I have the *Burris AR-P.E.P.R. QD Mount *for my AR and I love using it. I pulled a Burris Fullfield II off my 30'06 and I've been using it as my scope. I also sometimes use a Sightmark Sure Shot Reflex Sight with Quick-Detach.

http://www.burrisoptics.com/arpepr.html


----------



## Rdubya (Aug 30, 2012)

+1 on the P.E.R.P...I put a Nikon coyote special on mine and love it! I didn't go with the QD to save a few $$, I dont remove it very often anyway. The only thing I wish the coyote special had is an illuminated reticle for those shots at dusk and dawn. Otherwise it is an awsome scope, I have been dropping prairrie dogs at 400-500 yards!


----------



## youngdon (Mar 10, 2010)

I have a P.E.P.R. also it is a nice set up. Even the standard model is fairly quick to take off. My other AR has mini-risers and they work the same. Easy on easy off.


----------



## knapper (Feb 5, 2010)

Larue tactial has a riser quick release mount that I have moved during a match due to the difference in eye relife changing for shooting prone and the adgustment did not change the point of impact. I was still the same amount off center and was able to correct the zero and shoot a good match.


----------



## Jonbnks (Jan 21, 2012)

I was looking on joeboboutfitters and they have the Burris AR-P.E.P.R Mount on sale for $69.95.
http://www.joeboboutfitters.com/category_s/307.htm?searching=Y&sort=13&cat=307&show=40&page=2

That price is sure cheaper than what I paid for mine.


----------



## El Gato Loco (Jan 15, 2010)

Larue makes a nice setup but it's pricy.

http://www.laruetactical.com/larue-tactical-obr-qd-scope-mount

I run a PEPR myself.... it's a great piece. I didn't even know they made a quick release option until I read this post....


----------



## youngdon (Mar 10, 2010)

Nikon has a $30 rebate on scopes if your budget will allow. You'll end up with a quality scope for it. I run a straight 4x on one of mine, it gives me enough magnification and a wiiiiide field of view.


----------



## fr3db3ar (Aug 6, 2011)

I run the Buckmaster and Coyote special in 4.5 - 14.
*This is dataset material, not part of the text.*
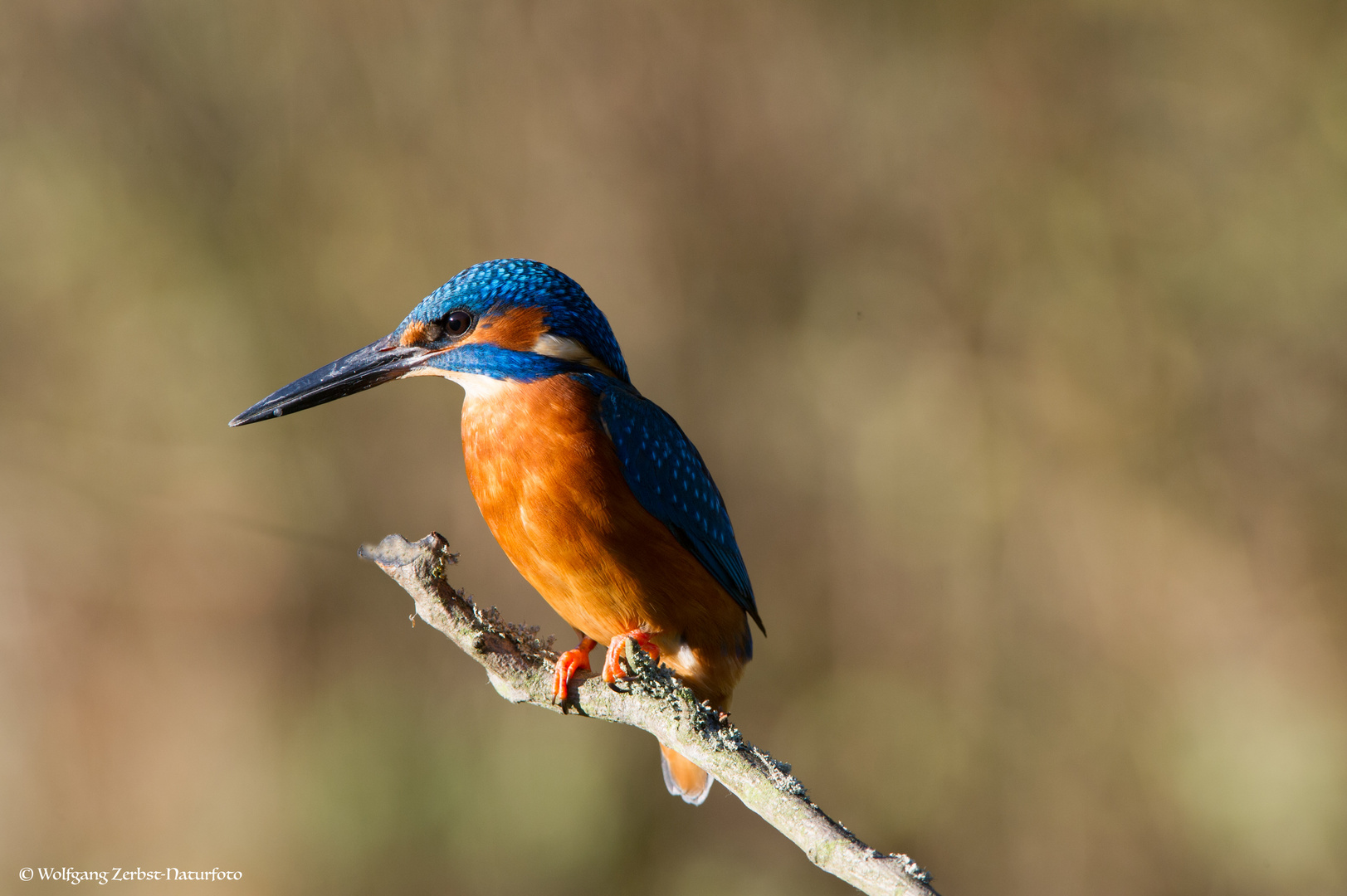 --- Eisvogel ---             ( Alcedo atthis )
4.5 is ok for close work and I keep it on that most of the time but if there is something further out or I'm at the range I crank it up to 14 for my old tired eyes.


----------



## krubbor (Sep 1, 2012)

So this is what I came up with on your advise


----------



## krubbor (Sep 1, 2012)

My additions


----------



## El Gato Loco (Jan 15, 2010)

Looking SWEET man. Got that scope up and forward right where you need it. Real nice work!


----------



## bones44 (Jan 7, 2011)

Sweet setup !!


----------